*Task*
Among the entries below, find the line with "Mugshot of JASON E KELLOGG", then quote it and each following line up to and including the line with "16 Michel-ange Les Beaux Quartiers De باريس", and nothing else.
Top of Records provided
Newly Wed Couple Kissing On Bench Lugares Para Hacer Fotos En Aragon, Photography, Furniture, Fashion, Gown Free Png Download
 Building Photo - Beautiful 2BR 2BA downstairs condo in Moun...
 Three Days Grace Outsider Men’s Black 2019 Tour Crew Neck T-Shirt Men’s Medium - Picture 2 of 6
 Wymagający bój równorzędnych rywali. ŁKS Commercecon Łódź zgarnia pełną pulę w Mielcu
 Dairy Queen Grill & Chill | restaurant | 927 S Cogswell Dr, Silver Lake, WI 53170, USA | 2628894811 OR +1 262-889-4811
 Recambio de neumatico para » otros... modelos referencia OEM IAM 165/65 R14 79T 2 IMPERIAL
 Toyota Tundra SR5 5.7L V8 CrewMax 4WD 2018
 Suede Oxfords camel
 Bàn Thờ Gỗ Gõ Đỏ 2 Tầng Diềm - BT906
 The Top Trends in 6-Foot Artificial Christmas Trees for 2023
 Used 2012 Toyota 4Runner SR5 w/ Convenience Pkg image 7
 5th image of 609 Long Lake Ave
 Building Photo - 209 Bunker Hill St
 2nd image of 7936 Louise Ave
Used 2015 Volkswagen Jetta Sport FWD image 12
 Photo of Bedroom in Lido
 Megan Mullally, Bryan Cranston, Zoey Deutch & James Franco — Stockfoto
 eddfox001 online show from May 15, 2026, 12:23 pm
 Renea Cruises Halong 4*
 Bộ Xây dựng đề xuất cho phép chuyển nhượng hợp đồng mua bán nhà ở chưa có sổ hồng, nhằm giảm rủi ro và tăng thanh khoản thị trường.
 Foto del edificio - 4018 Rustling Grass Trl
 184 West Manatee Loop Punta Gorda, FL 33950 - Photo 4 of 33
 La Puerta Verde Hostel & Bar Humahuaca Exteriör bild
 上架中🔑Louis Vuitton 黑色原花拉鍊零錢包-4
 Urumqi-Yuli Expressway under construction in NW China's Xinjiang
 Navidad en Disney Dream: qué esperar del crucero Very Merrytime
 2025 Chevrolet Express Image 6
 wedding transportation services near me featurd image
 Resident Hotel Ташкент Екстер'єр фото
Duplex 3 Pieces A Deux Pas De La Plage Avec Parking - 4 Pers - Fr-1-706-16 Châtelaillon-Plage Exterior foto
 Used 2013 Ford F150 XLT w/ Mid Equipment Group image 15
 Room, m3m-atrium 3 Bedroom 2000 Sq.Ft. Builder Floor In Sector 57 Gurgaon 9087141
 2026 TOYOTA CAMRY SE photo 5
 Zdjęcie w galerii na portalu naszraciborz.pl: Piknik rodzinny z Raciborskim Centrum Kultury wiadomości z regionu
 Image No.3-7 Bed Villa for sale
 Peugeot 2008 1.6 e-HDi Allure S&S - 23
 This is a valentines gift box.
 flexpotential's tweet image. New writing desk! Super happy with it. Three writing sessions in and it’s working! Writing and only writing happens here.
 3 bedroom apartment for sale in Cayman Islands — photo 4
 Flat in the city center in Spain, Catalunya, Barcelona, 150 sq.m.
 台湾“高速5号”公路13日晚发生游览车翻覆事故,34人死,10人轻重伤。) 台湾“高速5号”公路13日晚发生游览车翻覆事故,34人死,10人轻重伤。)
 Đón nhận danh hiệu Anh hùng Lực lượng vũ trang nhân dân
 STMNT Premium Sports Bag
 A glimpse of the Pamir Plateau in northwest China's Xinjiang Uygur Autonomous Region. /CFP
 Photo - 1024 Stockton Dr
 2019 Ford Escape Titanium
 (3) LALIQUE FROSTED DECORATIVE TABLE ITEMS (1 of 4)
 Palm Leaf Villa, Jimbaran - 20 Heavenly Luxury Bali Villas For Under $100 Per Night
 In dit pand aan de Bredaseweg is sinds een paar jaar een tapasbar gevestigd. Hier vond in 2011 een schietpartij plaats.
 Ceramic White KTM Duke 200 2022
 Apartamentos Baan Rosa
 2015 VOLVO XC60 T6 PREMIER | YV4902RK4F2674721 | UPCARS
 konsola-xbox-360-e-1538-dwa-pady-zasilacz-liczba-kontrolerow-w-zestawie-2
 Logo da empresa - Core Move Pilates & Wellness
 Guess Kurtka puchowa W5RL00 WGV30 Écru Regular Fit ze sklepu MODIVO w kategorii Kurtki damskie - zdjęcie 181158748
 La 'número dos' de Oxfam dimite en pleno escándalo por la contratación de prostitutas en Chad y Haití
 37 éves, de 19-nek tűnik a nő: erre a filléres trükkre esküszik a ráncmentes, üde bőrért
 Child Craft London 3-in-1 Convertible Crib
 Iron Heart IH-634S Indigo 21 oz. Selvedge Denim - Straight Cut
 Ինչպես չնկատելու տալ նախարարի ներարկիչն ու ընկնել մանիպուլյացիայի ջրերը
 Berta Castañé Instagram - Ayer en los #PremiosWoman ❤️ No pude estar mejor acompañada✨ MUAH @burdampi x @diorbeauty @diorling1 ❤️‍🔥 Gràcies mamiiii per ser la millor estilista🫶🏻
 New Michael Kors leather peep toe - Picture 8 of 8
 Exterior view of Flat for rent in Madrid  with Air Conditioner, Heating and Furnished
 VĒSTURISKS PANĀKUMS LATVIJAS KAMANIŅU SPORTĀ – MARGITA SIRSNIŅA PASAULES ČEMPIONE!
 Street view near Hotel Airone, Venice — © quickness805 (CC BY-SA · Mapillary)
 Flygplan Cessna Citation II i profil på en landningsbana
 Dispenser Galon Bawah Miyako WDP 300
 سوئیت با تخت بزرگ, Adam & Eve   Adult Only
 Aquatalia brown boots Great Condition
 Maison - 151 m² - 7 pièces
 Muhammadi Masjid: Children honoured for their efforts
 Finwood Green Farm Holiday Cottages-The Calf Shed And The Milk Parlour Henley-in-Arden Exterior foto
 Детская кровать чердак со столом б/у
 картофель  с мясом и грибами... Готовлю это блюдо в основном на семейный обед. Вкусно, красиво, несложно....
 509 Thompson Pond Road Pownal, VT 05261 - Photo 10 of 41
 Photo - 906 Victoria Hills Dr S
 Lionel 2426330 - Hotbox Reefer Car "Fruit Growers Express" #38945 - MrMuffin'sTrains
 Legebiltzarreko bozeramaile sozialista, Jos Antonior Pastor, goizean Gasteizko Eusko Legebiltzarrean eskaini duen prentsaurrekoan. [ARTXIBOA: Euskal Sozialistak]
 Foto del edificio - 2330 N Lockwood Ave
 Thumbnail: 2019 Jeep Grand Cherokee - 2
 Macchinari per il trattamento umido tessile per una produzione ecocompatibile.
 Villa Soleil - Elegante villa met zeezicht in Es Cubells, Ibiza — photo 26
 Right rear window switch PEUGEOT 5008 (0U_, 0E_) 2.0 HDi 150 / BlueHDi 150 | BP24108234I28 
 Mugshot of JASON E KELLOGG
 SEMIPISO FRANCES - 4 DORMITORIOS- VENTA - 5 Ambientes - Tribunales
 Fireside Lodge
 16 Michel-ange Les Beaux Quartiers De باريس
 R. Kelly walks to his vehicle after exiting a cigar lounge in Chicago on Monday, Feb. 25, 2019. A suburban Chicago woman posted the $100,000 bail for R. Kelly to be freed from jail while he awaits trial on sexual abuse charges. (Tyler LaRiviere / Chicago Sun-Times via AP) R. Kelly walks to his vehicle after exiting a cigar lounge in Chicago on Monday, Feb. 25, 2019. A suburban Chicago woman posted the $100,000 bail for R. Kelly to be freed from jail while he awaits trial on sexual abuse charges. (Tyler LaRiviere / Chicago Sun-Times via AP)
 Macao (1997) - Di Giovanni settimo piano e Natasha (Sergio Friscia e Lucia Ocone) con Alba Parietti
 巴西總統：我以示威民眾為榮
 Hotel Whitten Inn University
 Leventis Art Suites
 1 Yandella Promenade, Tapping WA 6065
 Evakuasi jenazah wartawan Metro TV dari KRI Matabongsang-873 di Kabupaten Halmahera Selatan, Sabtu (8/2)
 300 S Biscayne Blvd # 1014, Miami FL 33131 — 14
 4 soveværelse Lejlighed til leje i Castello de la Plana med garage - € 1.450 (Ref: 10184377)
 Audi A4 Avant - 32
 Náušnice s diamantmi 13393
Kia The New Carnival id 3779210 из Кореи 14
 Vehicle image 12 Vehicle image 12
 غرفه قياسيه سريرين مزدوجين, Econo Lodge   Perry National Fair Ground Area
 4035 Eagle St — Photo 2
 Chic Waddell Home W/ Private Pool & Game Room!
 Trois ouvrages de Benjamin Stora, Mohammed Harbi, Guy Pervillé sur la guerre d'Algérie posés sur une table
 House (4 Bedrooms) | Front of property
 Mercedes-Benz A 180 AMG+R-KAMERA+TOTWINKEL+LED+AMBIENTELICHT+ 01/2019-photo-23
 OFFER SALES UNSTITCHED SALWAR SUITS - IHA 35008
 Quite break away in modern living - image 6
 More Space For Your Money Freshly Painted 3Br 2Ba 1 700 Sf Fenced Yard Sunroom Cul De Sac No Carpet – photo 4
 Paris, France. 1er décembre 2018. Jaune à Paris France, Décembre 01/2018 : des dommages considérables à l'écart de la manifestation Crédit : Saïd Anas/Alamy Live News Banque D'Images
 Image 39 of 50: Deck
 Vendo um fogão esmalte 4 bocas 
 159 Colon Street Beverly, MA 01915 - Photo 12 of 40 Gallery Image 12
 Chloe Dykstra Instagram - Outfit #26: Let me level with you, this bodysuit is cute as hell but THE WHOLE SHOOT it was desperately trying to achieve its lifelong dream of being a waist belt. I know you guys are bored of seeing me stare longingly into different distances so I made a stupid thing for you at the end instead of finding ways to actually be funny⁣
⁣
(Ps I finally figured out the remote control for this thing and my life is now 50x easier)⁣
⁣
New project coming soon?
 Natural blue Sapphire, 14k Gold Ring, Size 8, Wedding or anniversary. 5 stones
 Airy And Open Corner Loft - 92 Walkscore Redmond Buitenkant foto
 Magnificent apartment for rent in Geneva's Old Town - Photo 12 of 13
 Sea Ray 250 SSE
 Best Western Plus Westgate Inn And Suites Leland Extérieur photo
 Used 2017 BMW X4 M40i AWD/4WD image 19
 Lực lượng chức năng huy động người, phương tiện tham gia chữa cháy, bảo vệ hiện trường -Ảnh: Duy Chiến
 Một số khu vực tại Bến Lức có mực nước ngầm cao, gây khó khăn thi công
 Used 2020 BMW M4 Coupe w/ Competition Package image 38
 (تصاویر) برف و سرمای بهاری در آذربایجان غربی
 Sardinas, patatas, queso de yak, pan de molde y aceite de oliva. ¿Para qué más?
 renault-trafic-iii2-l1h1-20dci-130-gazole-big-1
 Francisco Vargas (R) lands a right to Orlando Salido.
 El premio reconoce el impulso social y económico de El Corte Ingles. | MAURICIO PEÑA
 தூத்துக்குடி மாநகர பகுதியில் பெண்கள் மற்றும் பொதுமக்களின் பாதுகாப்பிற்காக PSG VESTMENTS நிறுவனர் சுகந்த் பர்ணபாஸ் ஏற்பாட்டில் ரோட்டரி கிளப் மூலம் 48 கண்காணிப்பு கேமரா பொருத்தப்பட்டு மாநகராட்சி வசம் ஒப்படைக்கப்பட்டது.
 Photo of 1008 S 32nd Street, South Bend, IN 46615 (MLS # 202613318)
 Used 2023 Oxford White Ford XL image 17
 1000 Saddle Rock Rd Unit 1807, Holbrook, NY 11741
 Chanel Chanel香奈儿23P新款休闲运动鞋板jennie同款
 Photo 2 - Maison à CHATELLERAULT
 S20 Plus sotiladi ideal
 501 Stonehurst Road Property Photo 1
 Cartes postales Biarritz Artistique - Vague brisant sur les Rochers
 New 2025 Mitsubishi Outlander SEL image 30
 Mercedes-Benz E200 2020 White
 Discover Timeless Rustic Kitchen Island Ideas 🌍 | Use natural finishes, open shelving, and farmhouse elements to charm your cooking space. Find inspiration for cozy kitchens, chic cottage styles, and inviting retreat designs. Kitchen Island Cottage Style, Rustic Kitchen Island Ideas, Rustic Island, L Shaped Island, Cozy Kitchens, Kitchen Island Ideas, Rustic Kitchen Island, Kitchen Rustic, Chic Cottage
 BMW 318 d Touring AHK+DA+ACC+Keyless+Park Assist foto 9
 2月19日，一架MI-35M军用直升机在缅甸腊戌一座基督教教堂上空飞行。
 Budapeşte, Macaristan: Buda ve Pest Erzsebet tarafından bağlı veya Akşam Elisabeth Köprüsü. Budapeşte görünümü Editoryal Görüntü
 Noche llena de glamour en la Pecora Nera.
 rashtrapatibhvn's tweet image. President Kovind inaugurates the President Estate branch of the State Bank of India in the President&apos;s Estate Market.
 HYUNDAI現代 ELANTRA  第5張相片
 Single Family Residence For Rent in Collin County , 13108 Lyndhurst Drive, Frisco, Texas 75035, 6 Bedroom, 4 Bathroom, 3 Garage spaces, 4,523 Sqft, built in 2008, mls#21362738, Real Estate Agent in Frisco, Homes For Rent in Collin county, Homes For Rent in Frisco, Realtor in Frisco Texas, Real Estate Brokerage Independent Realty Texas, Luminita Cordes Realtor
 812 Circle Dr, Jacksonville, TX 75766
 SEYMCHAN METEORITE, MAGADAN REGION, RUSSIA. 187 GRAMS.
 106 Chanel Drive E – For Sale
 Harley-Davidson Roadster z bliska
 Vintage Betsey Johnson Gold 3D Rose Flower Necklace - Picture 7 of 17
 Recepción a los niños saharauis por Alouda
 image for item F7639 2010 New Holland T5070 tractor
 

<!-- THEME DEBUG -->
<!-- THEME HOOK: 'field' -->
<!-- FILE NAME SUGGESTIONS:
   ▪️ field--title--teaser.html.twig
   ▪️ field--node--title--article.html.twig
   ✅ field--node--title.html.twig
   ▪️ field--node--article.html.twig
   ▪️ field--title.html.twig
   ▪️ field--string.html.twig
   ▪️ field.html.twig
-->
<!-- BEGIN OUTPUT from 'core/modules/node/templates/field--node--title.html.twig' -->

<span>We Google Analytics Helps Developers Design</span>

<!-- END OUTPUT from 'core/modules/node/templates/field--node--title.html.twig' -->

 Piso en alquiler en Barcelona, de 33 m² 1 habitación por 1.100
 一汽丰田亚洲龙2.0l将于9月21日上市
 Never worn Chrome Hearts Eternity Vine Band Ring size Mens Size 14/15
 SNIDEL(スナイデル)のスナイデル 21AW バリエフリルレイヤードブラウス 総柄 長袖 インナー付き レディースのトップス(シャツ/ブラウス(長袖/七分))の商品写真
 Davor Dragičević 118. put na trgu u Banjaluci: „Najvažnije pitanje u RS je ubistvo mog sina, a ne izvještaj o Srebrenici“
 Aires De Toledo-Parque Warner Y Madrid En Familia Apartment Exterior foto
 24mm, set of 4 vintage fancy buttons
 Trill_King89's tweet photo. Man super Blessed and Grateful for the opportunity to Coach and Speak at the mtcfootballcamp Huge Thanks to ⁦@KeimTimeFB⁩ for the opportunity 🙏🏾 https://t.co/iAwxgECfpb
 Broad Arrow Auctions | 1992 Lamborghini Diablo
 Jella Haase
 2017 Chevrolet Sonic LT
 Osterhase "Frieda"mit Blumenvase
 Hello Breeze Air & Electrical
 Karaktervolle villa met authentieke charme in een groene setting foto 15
Bottom of Records provided
*Response to the exercise*
 Mugshot of JASON E KELLOGG
 SEMIPISO FRANCES - 4 DORMITORIOS- VENTA - 5 Ambientes - Tribunales
 Fireside Lodge
 16 Michel-ange Les Beaux Quartiers De باريس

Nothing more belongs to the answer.